*WORK REQUIRED*
Keep the text of the data exactly as it is and omit each picture from the copy.

*DATA EXTRACT*

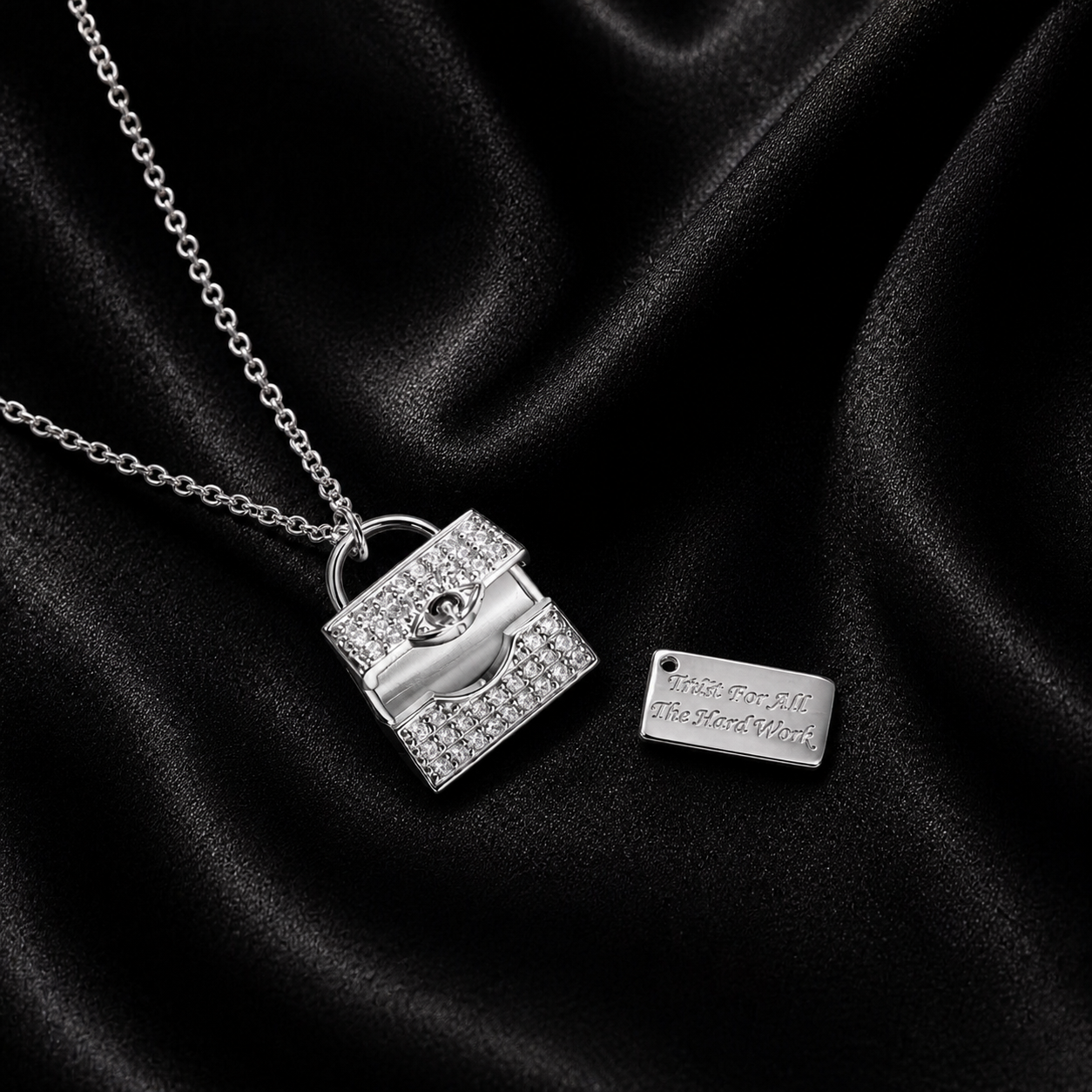 Blue-eyed Bag Pendant Necklace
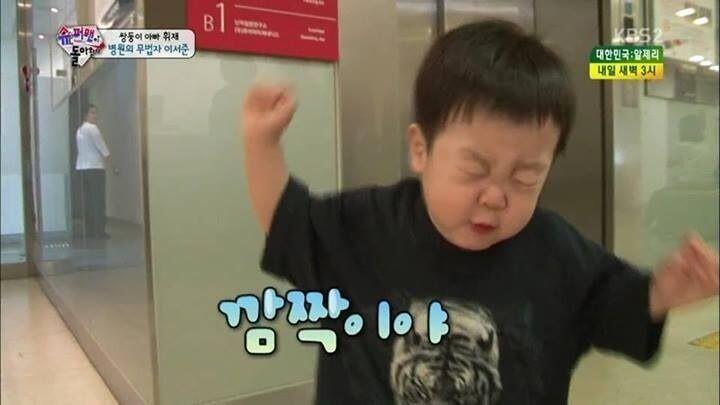 강아지씨는 멍멍씨에게 볼뽀뽀를 해주었다! 냥냥이는 아빠미소로 그 둘을 바라보았다! 멍멍씨는 얼굴이 붉어지고는 성질을 내며 말했다 " 아 깜짝이야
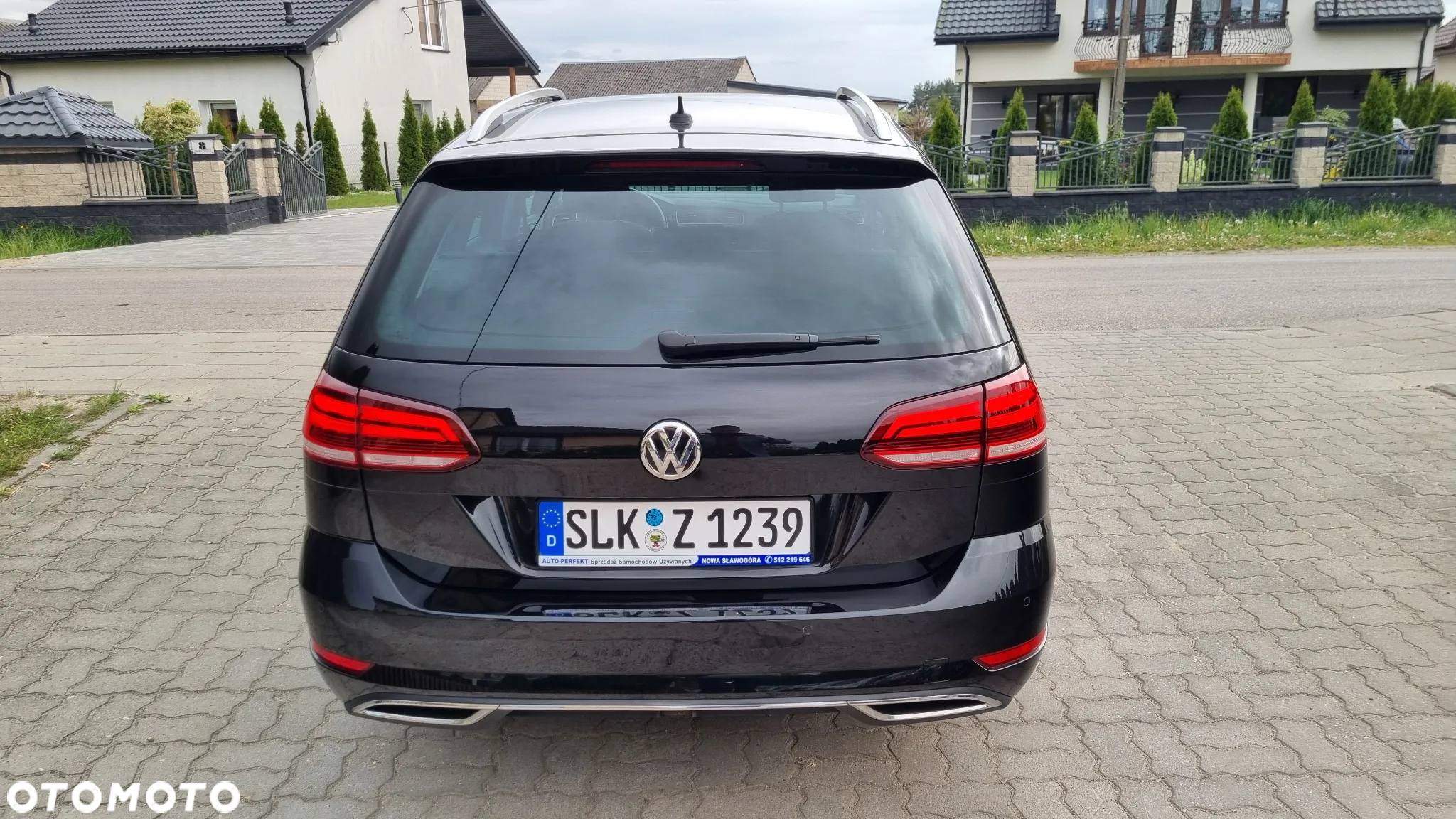 Volkswagen Golf 2.0 TDI (BlueMotion Technology) DSG Highline - 39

*SOLUTION*
 Blue-eyed Bag Pendant Necklace
 강아지씨는 멍멍씨에게 볼뽀뽀를 해주었다! 냥냥이는 아빠미소로 그 둘을 바라보았다! 멍멍씨는 얼굴이 붉어지고는 성질을 내며 말했다 " 아 깜짝이야
 Volkswagen Golf 2.0 TDI (BlueMotion Technology) DSG Highline - 39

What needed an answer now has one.